With these preliminary facts in mind, the question under the statute remains as to whether the convenience of the parties and witnesses, in the interest of justice, are best served in retaining jurisdiction in this District or transferring the case to Illinois.
*550 So far as here appears, no identified witness is required by the plaintiff to prove his case other than for formal proof of documents, or to meet some defense or counterclaim not yet developed. It is apparent, of course, that it would be more convenient for an official to come from Washington, D. C. to Wilmington, Delaware than to go from Washington, D. C. to Chicago, Illinois. This convenience or inconvenience must be contrasted to the convenience or inconvenience of others.
For the defendant it appears that a number of named witnesses live in or near Chicago and other identified witnesses are in Cleveland, Ohio. Among the witnesses in Chicago is the former president of the defendant company, by whom the original contract of December 2, 1933 was negotiated. He is the only witness in that connection. I am informed that this prospective witness has been compelled to cease all business activities because of ill health, and that a compulsory trip from Chicago to Wilmington, in connection with his appearance in Court, would be highly dangerous to his physical well being. This is countered by a suggestion of the plaintiff that the testimony of the witnesses could be taken by deposition. The advantages of personal appearance of a witness over testimony by deposition as affecting both the interest of the parties and the performance of duties by the trial tribunal are so evident as to foreclose discussion. A party may not have the absolute right in all cases to secure or have available the personal attendance of witnesses but the desirability of so doing is beyond question and the convenience of personal attendance is an especial matter of consideration under the statute.

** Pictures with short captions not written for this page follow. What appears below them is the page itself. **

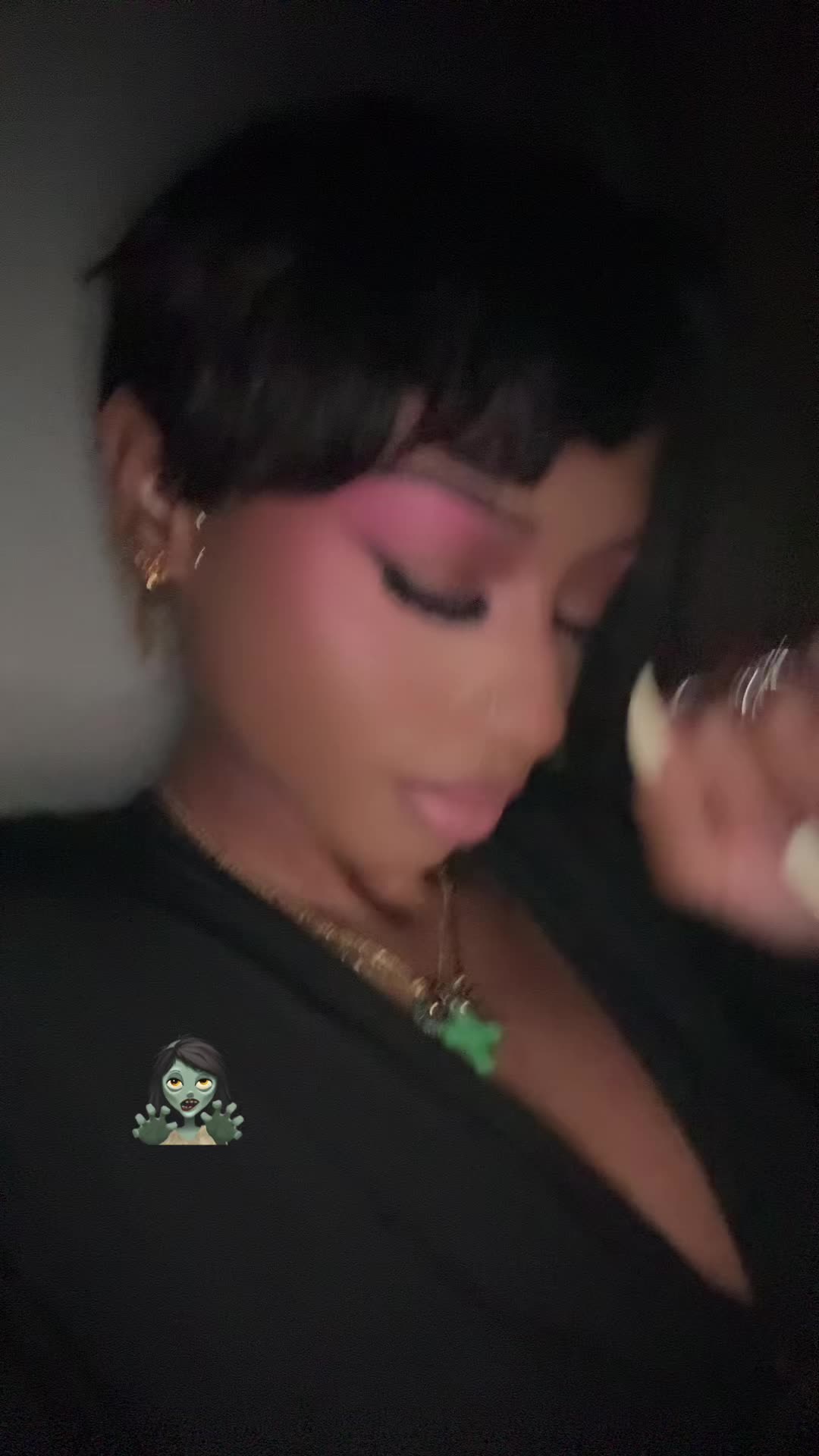 @mulaniwani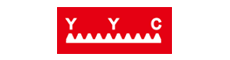 YYC齿条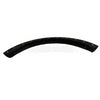 L46-6068R Fender Guard - 2 In. Front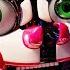 US Presidents Play Five Nights At Freddy S Sister Location FNAF SL FULL SERIES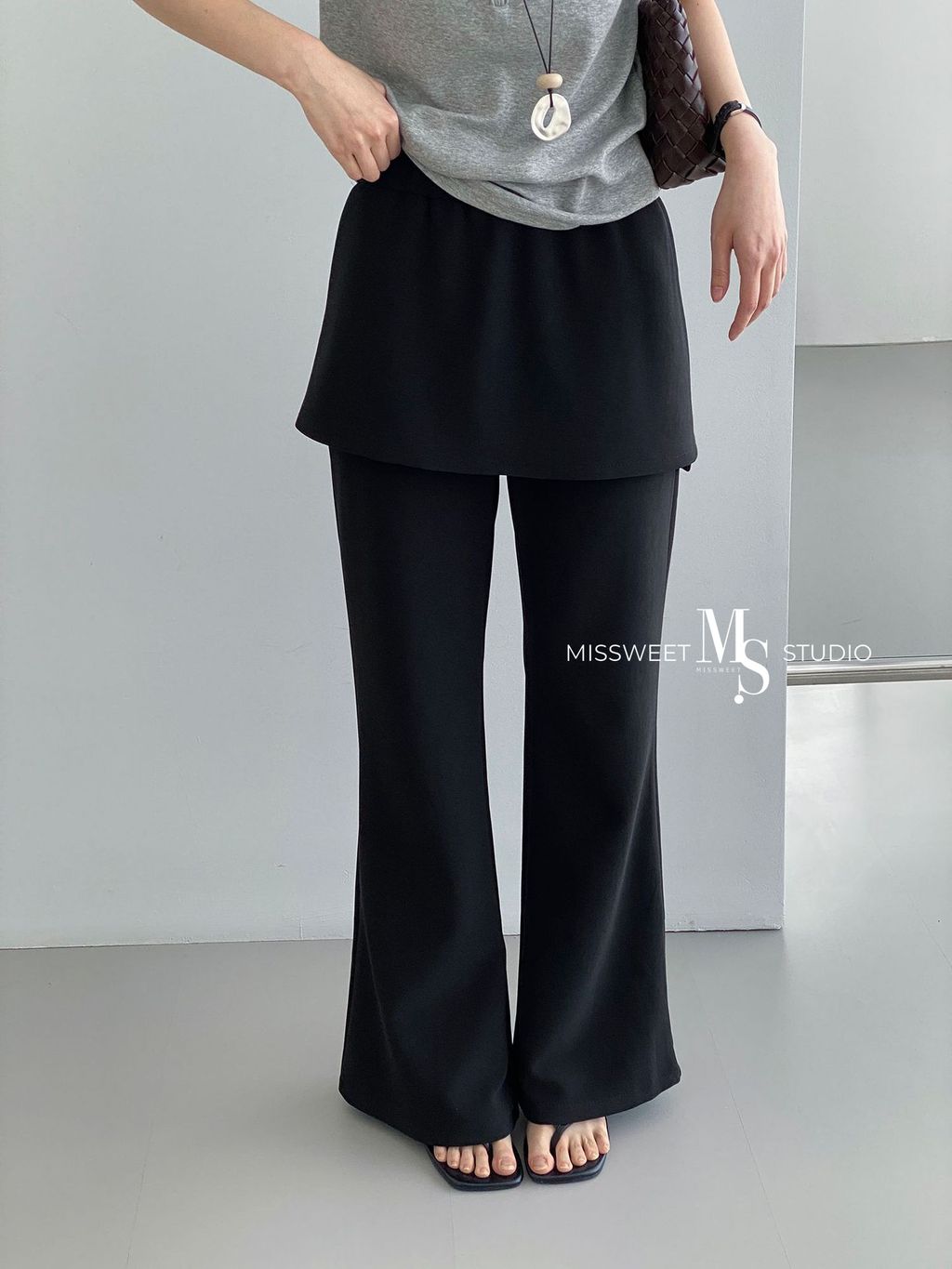 O1CN01CqqDvL2KE3G3mzh9k_!!2217655219524-0-cib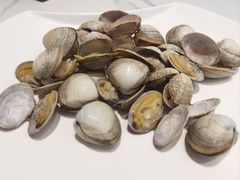 -海味当家·蒸锅海鲜(中山广场创始店)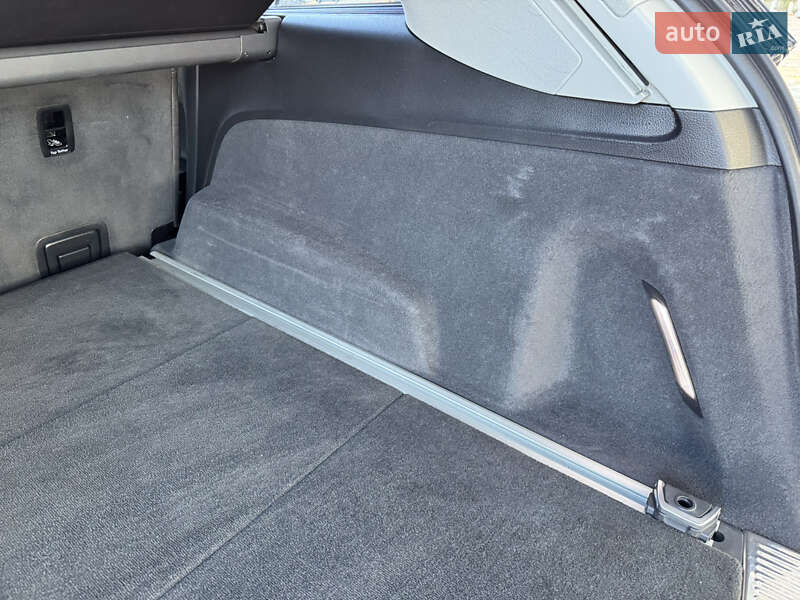 Внедорожник / Кроссовер Audi Q7 2015 в Львове фото 87 Внедорожник / Кроссовер Audi Q7 2015 в Львове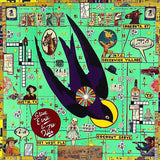 Steve Earle &amp; The Dukes - Jerry Jeff (CD)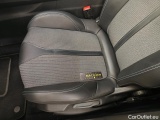  Peugeot  3008 Peugeot  Allure Pack Business HYbrid 225 e-EAT8 5d #36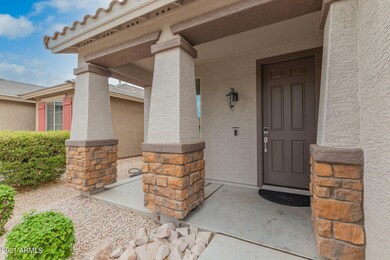 Listing_846040_Photo_4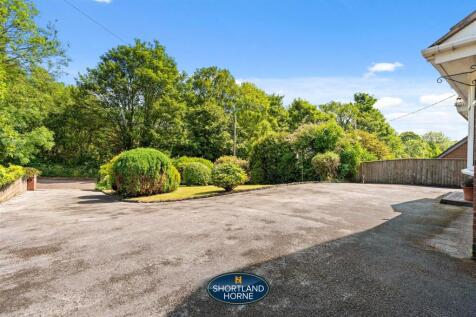 27 Wall Hill Road WM (1 of 46).jpg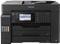 Epson L15150, C11CH72402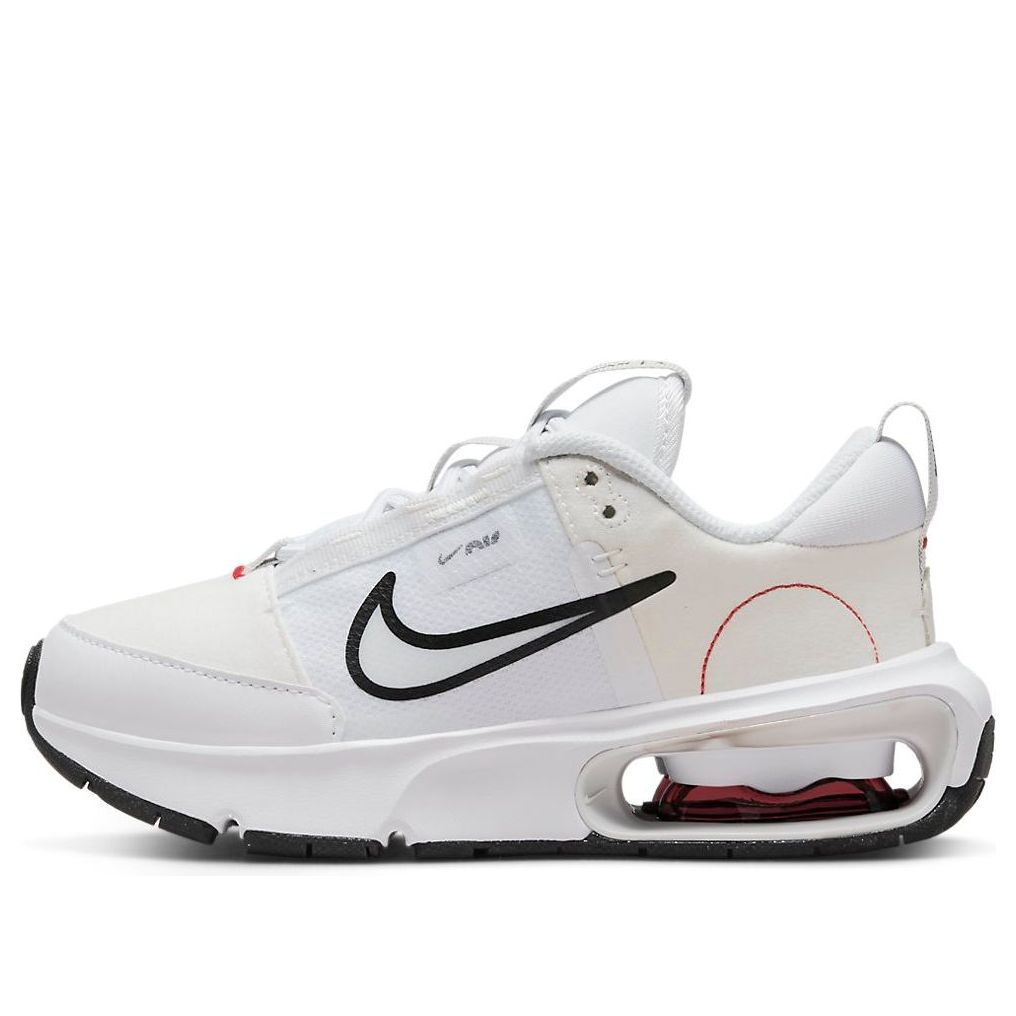 (PS) Nike Air Max Interlock 'White Photon Dust' DC9289-100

All of the present officers and prospective witnesses of the defendant company are in Chicago. These officers executed a supplemental contract between the parties in 1935. The two licensees are located in Cleveland where all their officers and employees reside and the records are kept. Chicago appears to be some 200 rail miles closer and more convenient to Cleveland than is Wilmington, Delaware.

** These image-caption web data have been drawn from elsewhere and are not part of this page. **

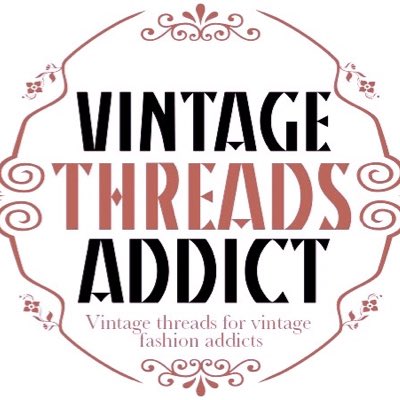 threads_addict's tweet photo. #NewProfilePic https://t.co/azJhjYNGnG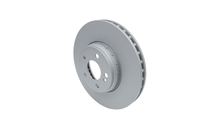 Bremsscheibe Scheibenbremse, Bild 6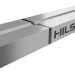 Соединитель пластиковый для лаг Hilst Professional 50x20 купить в Тольятти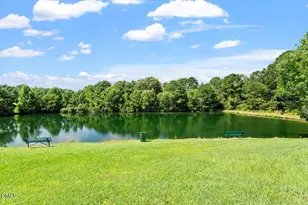 205 Hickory Glen Ln, Holly Springs, NC 27540 - Photo 42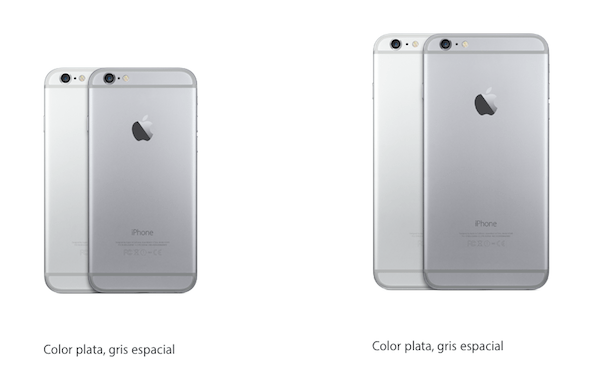 Imagen - &iquest;Qu&eacute; iPhone se adapta mejor a mis necesidades?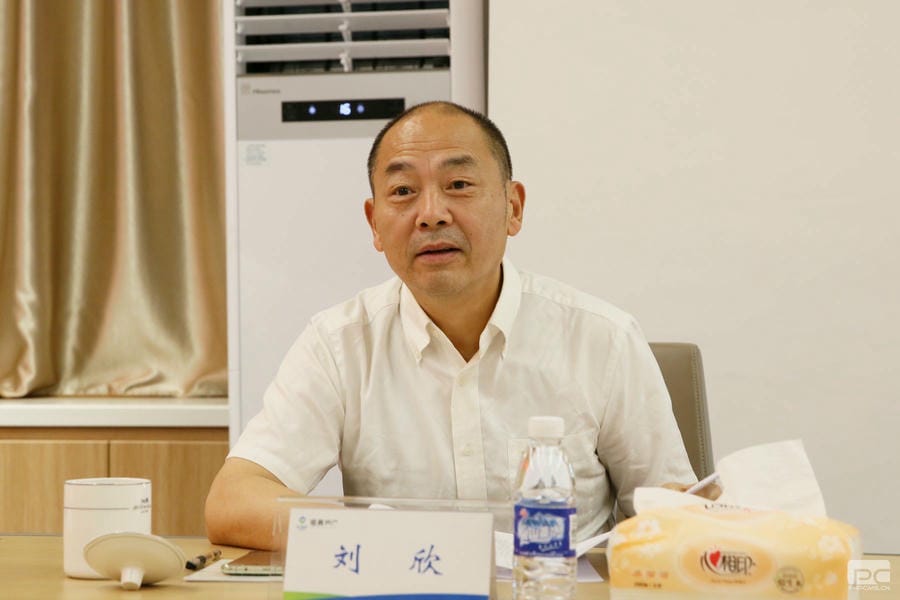 尊时凯龙·Z6(中国区)人生就是拼搏!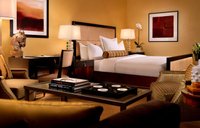 Hotel photo 15 of Trump International Hotel Las Vegas.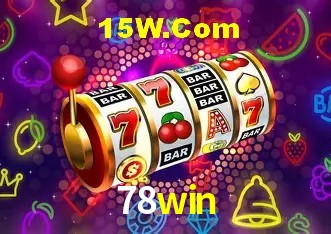Ofertas Exclusivas 78win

It is not clear that any questions of local Illinois law will arise in connection with the agreement of December 2, 1933, but that agreement expressly provides that all questions in connection therewith shall be determined by the law of Illinois.
I am clear that the convenience of witnesses and in the interest of justice, the case should be transferred to the District of Illinois, Eastern Division. This conclusion is consistent with other recent cases in this Court. Cinema Amusements, Inc., v. Loew's, Inc., D.C., 85 F. Supp. 319; Paragon-Revolute Corp. v. C. F. Pease Co., D.C., 120 F. Supp. 488; General Felt Products Co. v. Allen Industries, Inc., D.C., 120 F. Supp. 491; Busch v. Reiss S. S. Co., D.C., 120 F. Supp. 886.
An appropriate order may be submitted.NOTES
 "For the convenience of parties and witnesses, in the interest of justice, a district court may transfer any civil action to any other district or division where it might have been brought."
 28 U.S.C. § 1391(c).
 50 U.S.C.A.Appendix, § 1 et seq.
 Executive Order No. 9788, 50 U.S.C.A. Appendix, § 6 note, 11 Fed.Reg. 11,981.